Global Sources
EE Times-Asia
Stay in touch with EE Times Asia
EE Times-Asia > Processors/DSPs

Demystifying multithreading, multicore

Posted: 02 Oct 2007 ?? ?Print Version ?Bookmark and Share

Keywords:multithreaded processors? multicore chips? multitasking? embedded SoC designs?

By Kevin D. Kissell
RapidIO Trade Association

Is multithreading better than multicore? Is multicore better than multithreading? The fact is that the best vehicle for a given application might have one, the other or both. Or neither. They are independent (but complementary) design decisions. As multithreaded processors and multicore chips become the norm, architects and designers of digital systems need to understand their respective attributes, advantages and disadvantages.

Both multithreading and multicore approaches exploit the concurrency in a computational workload. The cost, in silicon, energy and complexity, of making a CPU run a single instruction stream ever faster goes up nonlinearly and eventually hits a wall imposed by the physical limitations of circuit technology. That wall keeps moving out a little farther every year, but cost- and power-sensitive designs are constrained to follow the bleeding edge from a safe distance. Fortunately, virtually all computer applications have some degree of concurrency: At least some of the time, two or more independent tasks need to be performed simultaneously. Taking advantage of concurrency to improve computing performance and efficiency isn't always trivial, but it's certainly easier than violating the laws of physics.

Multicore systems
Multi-processor or multicore systems exploit concurrency to spread work around a system. As many software tasks can run at the same time as there are processors in the system. This tractability can be used to improve absolute performance, cost or power/performance. Clearly, once one has built the fastest single processor possible in a given technology, the only way to get even more computer power is to use more than one of these processors. More subtly, if a load that would saturate a 1GHz processor could be spread evenly across 4 processors, those processors could be run at roughly 250MHz each. If each 250MHz processor is less than a quarter the size of the 1GHz processor, or consumes less than a quarter the power (either of which may be the case because of the nonlinear cost of higher operating frequencies), the multicore system might be more economical.

Many designers of embedded SoCs are already exploiting concurrency with multiple cores. As is not the case with general-purpose workstations and servers, whose workload is variable and unknowable to system designers, fixed sets of embedded device functions are often able to be analyzed and decomposed into specialized tasks. Consequently, it is also possible to assign tasks across multiple processors, each of which has a specific responsibility, and each of which can be specified and configured optimally for that specific job.

Multithreaded chips
Multithreaded processors also exploit the concurrency of multiple tasks, but in a different way and for a different reason. Instead of a system-level technique to spread CPU load, multithreading is processor-level optimization to improve area and energy efficiency. Multithreaded architecture is driven to a large degree by the realization that single-threaded, high-performance processors spend a surprising amount of time doing nothing. When the results of a memory access are required for a program to advance, and that access must reference RAM whose cycle time is tens of times slower than that of the processor, a single-threaded processor can do nothing but stall until the data is returned.

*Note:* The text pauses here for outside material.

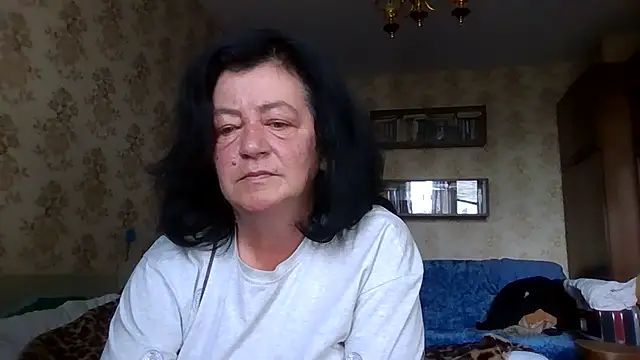 GypsiQueen2 online show from 07-25-26, 09:18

Multithreading can be described thus: If latencies prevent a single task from keeping a processor pipeline busy, a single pipeline should be able to complete more than one concurrent task in less time than it would take to run the tasks serially. This means running more than one task's instruction stream, or thread, at a time, which in turn means that the processor has to have more than one program counter and more than one set of programmable registers. Replicating those resources is far less costly than replicating an entire processor. In the MIPS32 34K processor, which implements the MIPS MT multithreading architecture, an increase in area of 14 percent can buy an increase of throughput of 60 percent relative to a comparable single-threaded core (as measured using the EEMBC PKFLOW and OSPF benchmarks, run sequentially on a MIPS32 24KE core vs. concurrently on a dual-threaded MIPS32 34K core).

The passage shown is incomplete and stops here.